* **Requirement**: Check each line of the data, and copy those where "from" appears.

[Material provided Boundary: Start]

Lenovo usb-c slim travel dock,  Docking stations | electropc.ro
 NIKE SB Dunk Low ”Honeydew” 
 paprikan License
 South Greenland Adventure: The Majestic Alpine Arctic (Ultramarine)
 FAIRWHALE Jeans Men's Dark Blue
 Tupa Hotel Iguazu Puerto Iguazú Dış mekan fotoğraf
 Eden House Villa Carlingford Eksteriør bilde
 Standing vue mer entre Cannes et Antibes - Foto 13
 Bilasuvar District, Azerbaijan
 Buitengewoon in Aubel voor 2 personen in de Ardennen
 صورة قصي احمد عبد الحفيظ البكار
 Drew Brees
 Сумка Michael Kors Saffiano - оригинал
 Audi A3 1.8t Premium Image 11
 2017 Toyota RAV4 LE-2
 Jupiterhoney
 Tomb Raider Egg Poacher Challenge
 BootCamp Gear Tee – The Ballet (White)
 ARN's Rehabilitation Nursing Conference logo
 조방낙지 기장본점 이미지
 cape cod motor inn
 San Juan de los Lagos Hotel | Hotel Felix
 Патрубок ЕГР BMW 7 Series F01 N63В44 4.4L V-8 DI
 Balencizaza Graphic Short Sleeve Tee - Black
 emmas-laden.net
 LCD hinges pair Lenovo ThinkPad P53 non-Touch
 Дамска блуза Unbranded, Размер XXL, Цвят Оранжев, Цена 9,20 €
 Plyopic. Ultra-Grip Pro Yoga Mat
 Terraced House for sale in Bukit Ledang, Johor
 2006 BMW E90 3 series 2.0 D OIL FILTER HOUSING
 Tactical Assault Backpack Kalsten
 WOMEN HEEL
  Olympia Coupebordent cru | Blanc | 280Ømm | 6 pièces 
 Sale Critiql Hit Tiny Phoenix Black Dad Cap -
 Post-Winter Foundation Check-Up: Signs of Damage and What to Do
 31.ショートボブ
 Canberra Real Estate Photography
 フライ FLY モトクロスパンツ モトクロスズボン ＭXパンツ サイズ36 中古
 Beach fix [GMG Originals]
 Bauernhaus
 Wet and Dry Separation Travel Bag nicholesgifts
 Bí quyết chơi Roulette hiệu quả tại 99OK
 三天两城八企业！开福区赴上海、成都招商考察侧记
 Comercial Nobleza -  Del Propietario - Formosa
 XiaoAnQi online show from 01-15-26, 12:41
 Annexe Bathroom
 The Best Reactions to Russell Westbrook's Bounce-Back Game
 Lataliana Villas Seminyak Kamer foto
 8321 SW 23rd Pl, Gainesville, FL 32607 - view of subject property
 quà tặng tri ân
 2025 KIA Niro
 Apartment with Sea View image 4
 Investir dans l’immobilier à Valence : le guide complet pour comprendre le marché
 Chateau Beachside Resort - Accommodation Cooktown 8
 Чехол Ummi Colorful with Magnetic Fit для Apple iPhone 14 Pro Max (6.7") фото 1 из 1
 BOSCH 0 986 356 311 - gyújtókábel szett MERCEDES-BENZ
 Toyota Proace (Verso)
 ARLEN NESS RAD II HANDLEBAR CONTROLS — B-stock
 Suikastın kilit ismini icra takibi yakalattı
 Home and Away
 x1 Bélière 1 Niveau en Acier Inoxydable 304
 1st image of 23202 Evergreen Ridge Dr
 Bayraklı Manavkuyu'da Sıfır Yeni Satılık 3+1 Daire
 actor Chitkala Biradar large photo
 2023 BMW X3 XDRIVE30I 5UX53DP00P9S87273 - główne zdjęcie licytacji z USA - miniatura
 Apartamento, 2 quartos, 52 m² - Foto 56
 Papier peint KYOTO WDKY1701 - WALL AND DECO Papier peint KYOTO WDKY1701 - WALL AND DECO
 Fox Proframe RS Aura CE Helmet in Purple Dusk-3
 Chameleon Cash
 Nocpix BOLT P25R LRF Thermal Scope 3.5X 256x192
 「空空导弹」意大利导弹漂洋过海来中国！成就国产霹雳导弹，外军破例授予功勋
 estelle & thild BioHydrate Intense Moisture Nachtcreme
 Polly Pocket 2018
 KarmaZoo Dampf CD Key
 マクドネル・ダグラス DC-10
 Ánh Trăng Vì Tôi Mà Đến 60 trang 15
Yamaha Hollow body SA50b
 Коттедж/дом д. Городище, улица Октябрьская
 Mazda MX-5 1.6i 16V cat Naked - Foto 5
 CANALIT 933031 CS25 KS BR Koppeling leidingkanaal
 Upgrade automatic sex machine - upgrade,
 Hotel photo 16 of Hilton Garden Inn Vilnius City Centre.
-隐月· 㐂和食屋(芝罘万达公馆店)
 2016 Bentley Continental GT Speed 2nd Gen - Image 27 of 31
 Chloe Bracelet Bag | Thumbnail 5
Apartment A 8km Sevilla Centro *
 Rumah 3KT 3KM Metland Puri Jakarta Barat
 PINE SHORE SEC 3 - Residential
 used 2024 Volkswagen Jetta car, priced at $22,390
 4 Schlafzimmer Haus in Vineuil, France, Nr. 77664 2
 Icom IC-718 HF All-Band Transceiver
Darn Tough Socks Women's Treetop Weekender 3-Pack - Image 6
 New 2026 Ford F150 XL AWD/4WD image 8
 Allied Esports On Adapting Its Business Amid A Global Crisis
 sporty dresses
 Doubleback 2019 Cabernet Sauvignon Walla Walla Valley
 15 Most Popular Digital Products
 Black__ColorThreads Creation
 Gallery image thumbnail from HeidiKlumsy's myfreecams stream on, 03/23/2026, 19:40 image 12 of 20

[Material provided Boundary: End]

* **The completed task**:
 XiaoAnQi online show from 01-15-26, 12:41
 Gallery image thumbnail from HeidiKlumsy's myfreecams stream on, 03/23/2026, 19:40 image 12 of 20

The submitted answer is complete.